Scrambling in the Dicke model

TL;DR

This paper investigates quantum chaos in the Dicke model by calculating the scrambling rate using Majorana fermions, revealing strong chaotic behavior near the critical point and deriving a new effective theory for the super-radiant phase.

Contribution

It introduces a novel Majorana fermion approach to study quantum chaos in the Dicke model without assuming total spin conservation.

Findings

Chaotic behavior peaks near the critical point.

Nonzero scrambling rate in a broad temperature range including normal and super-radiant phases.

Derived a new finite-temperature effective theory for the super-radiant phase.

Abstract

The scrambling rate $\lambda_L$ associated with the exponential growth of out-of-time-ordered correlators can be used to characterize quantum chaos.
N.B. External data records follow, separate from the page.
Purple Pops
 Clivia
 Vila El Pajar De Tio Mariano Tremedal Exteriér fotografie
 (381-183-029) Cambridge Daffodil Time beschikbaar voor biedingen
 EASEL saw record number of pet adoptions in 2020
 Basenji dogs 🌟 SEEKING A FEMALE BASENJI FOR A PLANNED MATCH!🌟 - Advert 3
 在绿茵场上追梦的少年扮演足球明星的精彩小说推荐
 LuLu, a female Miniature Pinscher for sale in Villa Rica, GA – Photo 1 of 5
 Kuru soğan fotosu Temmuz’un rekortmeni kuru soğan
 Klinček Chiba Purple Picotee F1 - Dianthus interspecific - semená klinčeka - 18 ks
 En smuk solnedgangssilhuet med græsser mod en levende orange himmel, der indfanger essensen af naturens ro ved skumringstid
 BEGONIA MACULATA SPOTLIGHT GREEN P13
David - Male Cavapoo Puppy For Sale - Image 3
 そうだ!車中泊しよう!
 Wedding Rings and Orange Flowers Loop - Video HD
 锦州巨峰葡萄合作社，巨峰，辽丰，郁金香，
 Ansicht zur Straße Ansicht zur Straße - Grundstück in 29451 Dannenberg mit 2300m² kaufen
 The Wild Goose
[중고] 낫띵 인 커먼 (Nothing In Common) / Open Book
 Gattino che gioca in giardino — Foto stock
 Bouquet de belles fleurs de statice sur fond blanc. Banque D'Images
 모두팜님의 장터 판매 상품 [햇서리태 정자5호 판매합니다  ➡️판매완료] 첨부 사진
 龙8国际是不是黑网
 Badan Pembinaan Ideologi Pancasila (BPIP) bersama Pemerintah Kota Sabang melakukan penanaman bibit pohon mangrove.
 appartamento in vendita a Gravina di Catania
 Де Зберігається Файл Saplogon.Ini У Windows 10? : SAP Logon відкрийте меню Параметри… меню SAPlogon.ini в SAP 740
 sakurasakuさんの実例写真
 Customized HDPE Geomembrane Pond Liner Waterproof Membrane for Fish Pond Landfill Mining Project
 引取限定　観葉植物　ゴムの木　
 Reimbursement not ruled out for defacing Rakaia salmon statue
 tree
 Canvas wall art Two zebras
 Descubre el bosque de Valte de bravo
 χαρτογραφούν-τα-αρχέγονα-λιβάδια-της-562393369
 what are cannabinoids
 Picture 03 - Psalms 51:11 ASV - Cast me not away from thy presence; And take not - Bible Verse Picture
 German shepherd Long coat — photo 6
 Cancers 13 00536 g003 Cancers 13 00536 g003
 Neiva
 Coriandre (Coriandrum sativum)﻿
Here we use the Majorana Fermion representation of spin $1/2$ systems to study quantum chaos in the Dicke model. We take the system to be in thermal equilibrium and compute $\lambda_L$ throughout the phase diagram to leading order in $1/N$. We find that the chaotic behavior is strongest close to the critical point. At high temperatures $\lambda_L$ is nonzero over an extended region that includes both the normal and super-radiant phases. At low temperatures $\lambda_L$ is nonzero in (a) close vicinity of the critical point and (b) a region within the super-radiant phase. In the process we also derive a new effective theory for the super-radiant phase at finite temperatures. Our formalism does not rely on the assumption of total spin conservation.